A Group Of Women… has a hard tap-tap beat with a fairly wishy-washy vocal and guitar part. In this song, the singer observes a group of women as they wash. He celebrates his freedom in this song, and seems to be suggesting vaguely that at least momentarily he is free of desire: “As I sit and watch them wash / I have no point to get across.” This is the least tuneful song here, and feels kind of aimless. It’s all over in two minutes.
Give Me Children… continues the whimsical almost random feel of these songs. Here we get more of the pain—a stranger who hits, a wind that bites, a partner who cries constantly and the admission of foolishness. It’s the partner who seems to be suffering the most here. A few sparse piano notes, a simple repeating hi-hat, and a guitar part that chimes in every now and then with the vocal. Another shortish song, that drifts by without really going anywhere interesting.
The Weaker Soldier… is more upbeat, another one of Oldham’s stronger vocals. The lyrics again are oblique-bleak. This song actually has a chorus proper with someone singing a backing vocal: “I have not been feeling the same / I am not fit to carry your name / I am not fit and I am not willing / To go on.” Again, we get piano, a similar programmed beat to what’s gone before, and a meandering chiming guitar strum, although the pieces gel together quite well to form one of the strongest songs of the whole set. Love the opening lines here: “I once was a weaker soldier hanging in the war / But I left, like an ape, folded neatly in four.” I get the feeling this ‘war’ is of the ‘love is a battlefield’ kind, ergo lines like, “I had revealed myself by crying and shouting,” and “I turned away from that and into this / Black kettle of oneness.” Ultimately the Oldham-persona is unwilling to get permanently involved with a girl, one who he would “go upstairs” with but would rather “leave her up there.” As he says in the chorus, he’s not willing to carry her name, nor fit and willing to go on. A good song to end on.
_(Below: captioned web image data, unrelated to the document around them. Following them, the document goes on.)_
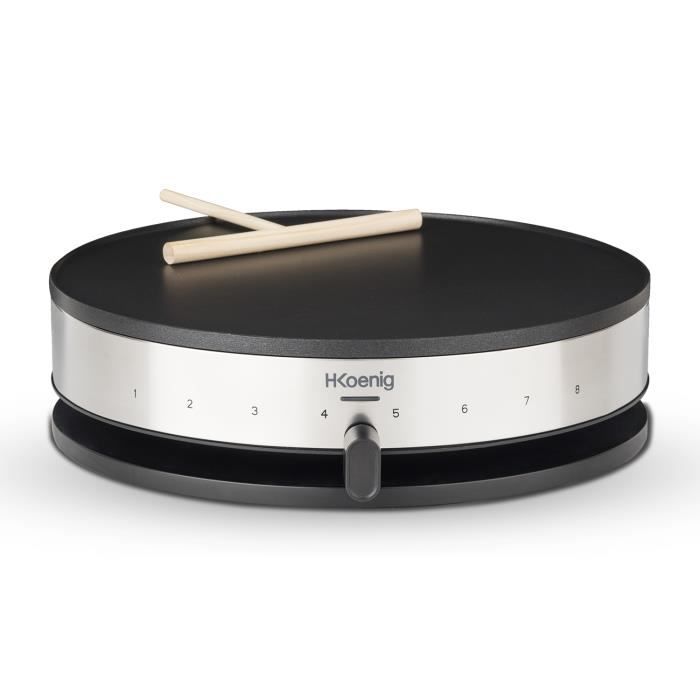 Crepiere HKoeNIG - KREP29 - Surface de cuisson 33cm - Revetement anti-adhésif - Température jusqu'a 230°C - 1300W - Bandeau Inox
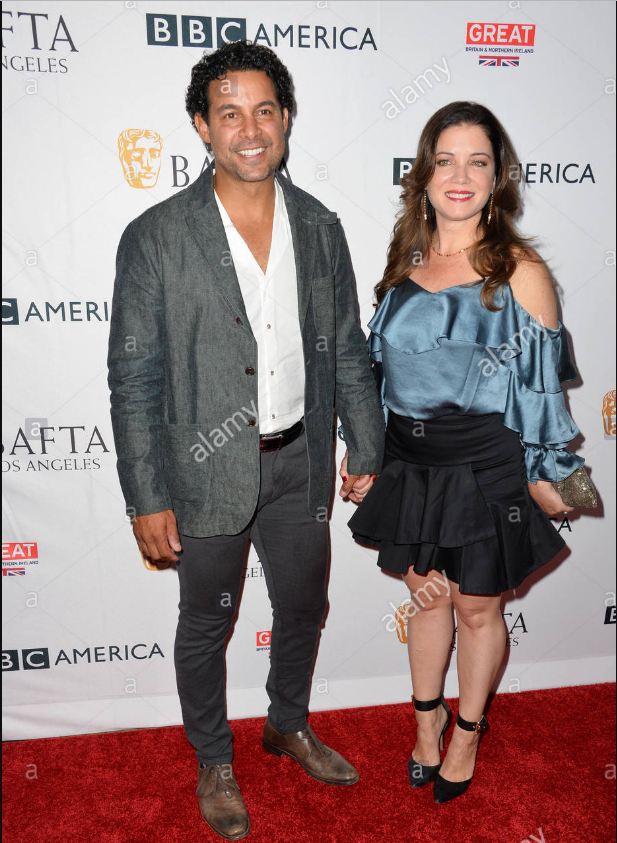 Jon Huertas poses with wife Nicole at BBC America tea partyÃ‚Â 2017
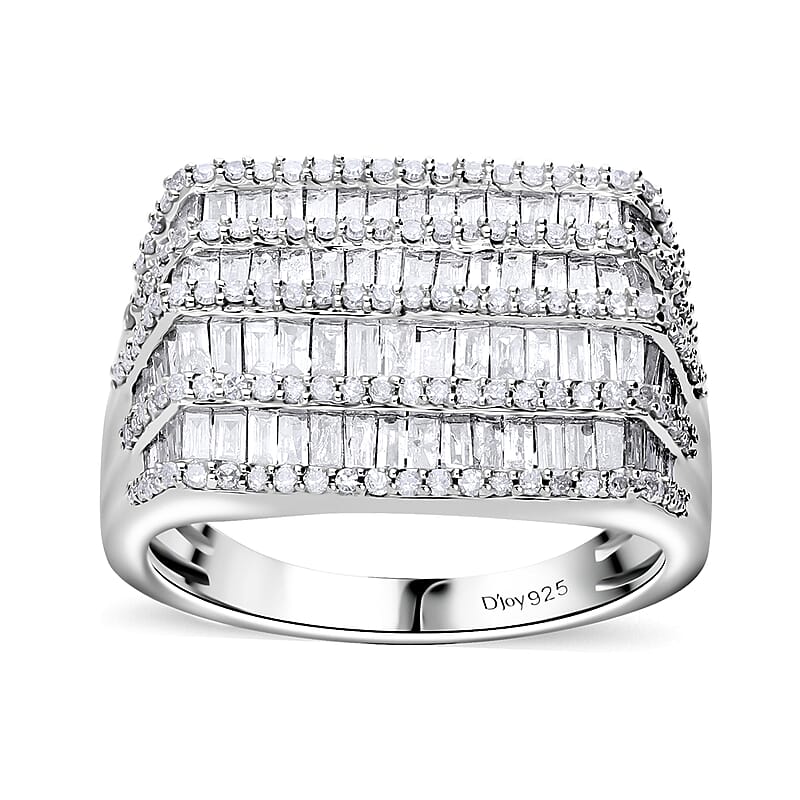 Diamond 2.00 ctw Ring in Platinum Over Sterling Silver (Size 11.0)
Arise Therefore is the perfect example of an Oldham record that takes forever to get anywhere with, and which only makes sense listening to it in the moment. In fact, the numerous times I spun this record without paying attention, it continued to just pass me by. Once I sat down and started listening to the lyrics and music closely, the whole thing began to emerge from its murky cocoon and win my love. The theme of the record is pretty much summed up in that very first line about rejecting permanence. Things change constantly, Oldham seems to be saying, like these songs which are like eleven different paintings of the same model-sitter. The only time I tended to lose him was in “A Group Of Women” and “Give Me Children” where the songs failed to take hold because of their slightly too-generic unfocused quality. This is the last of the Palace-era recordings. The next official release would gather together a number of tracks released on 7” only, plus other odds and ends — Lost Blues and Other Songs.
Wow Bumstead, this Oldham series is turning out even better than I’d hoped. I spun Arise Therefore three times in a row the other night while reading your review. A book in this form, a la Greil Marcus on Dylan/Doors would be epic.